I'm with you on not buying a cheap one made that mistake with the geared road bike. People who don't ride them think they are silly money and can not understand why you would pay so much for a bike, but what a difference they are, like chalk and cheese. I think you've just convinced me to get one but you wouldn't have with my wife would you haha.
Never really fancied a Fixie I like free-wheeling every now and then.

Good weight, that's lighter than my TCR and I thought that was light


----------



## GGJ (15 Aug 2014)

I certainly got a bit of a shock when I put it on the scales as it's almost 1kg lighter than my Ridley Oval


Been doing a bit of polishing tonight, the old spare Shimano pedals are looking a bit worse for wear so I decided to give them a bit of a spruce up


Before





After





One done and one still to do


----------



## Andrew1971 (16 Aug 2014)

Them pedal's have come up really well. Good way to save some money too !!


----------



## GGJ (19 Aug 2014)

Managed to buy a 17° stem and fitted it today. I'll leave the extra steerer length for now until my T4 is a bit more supple then I'll look at slamming it





















Almost completed, just have to decide on a new seatpost. The one fitted was removed from another bike because it doesn't hold the saddle firmly so I need to make my mind up as to whether I want to match the stem with a Zipp Service Course SL beyond black or go for something different. I have to say I am liking the stealth of the Zipp but I grudge the almost £100 for an alloy stem


----------



## GGJ (26 Aug 2014)

Well I think that's the Giant Omnium sorted out for the time being, I decided to stick with a Ritchey seatpost but will keep a look out for a Zipp Service Course SL Beyond Black at the right price as there is no way I'm giving the best part of £100 for one.

Now I'm looking forward to trying it out on the track to compare it with the Ridley Oval


----------



## rb58 (26 Aug 2014)

Chain's slack 
Looking good!


----------



## zizou (26 Aug 2014)

Looks good...although on the Omnium you could perhaps drop the bars a couple of spacers and flip the stem until you get the flexibility back, would be a bit lighter and stiffer and IMO look a bit better.



rb58 said:


> Chain's slack
> Looking good!



Looks fine to me! Track bikes are more efficient with the chain a bit slacker, you dont need to worry about slipping a chain so much compared to on the road because the surface is alot smoother


----------



## GGJ (26 Aug 2014)

Slack, never, it's perfect and would be impossible to drop the chain where it is

I want to try it on the track before cutting the steerer, best start a bit high and work downwards. Will be taking some tools with me when I test drive it and make adjustments as required


----------



## ayceejay (26 Aug 2014)

Just a personal preference but I prefer the look of a chain set that is all one colour and the black Miche chain ring is just wrong in my eyes.


----------



## Old Plodder (26 Aug 2014)

Like the red spokes by the valves.


----------



## GGJ (26 Aug 2014)

ayceejay said:


> Just a personal preference but I prefer the look of a chain set that is all one colour and the black Miche chain ring is just wrong in my eyes.
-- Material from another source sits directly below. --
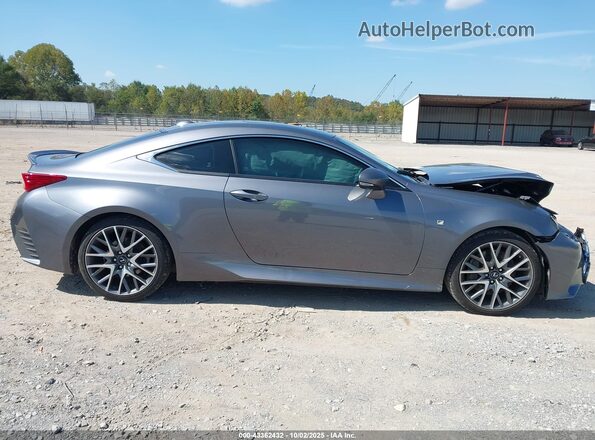JTHHA5BC3G5004267 2016 LEXUS RC 200T Gray Սալոնի հետևի տեսք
Hmm, I actually think the black chainring looks good on this, kind of works well with the black of the frame, seatpost and stem



Old Plodder said:


> Like the red spokes by the valves.


Something a bit different, I guess they are for finding the valve easily


----------



## GGJ (8 Sep 2014)

I found some mega bargain Pro Vibe Carbon track bars for sale and had to have them

The carbon is rather lovely and they do not require bar tape as the grips are a roughened finish
















Now I have to decide which track bike they will be fitted to


----------



## GGJ (9 Sep 2014)

Decided to fit the bars to the Giant for the time being, could change my mind later and fit to the Ridley


----------



## Dan87 (28 Sep 2014)

the blue on the Giant is spot on!


----------



## GGJ (28 Sep 2014)

Well I've changed my mind again and put the Pro-Vibe carbon track bars on the Oval along with a Deda Zero100 Pista 17° stem and put some Deda track bars on the Omnium


----------



## Basil.B (28 Sep 2014)

Slam that stem and that Giant would be perfect!


----------



## GGJ (28 Sep 2014)

Need to wait until the T4 fracture has recovered


----------



## Andrew1971 (30 Sep 2014)

I do like the giant bike very good


----------



## Basil.B (30 Sep 2014)

GGJ said:


> Need to wait until the T4 fracture has recovered


Fair do's!


----------



## GGJ (1 Oct 2014)

Managed to get a few laps of the track today on the Omnium, just requires a minor saddle adjustment and all will be good


----------



## DaveS (10 Oct 2014)

Those carbon bars are art! Stiff enough?


----------



## GGJ (11 Oct 2014)

Certainly plenty stiff enough for me, so far I've not managed to bend or break them


----------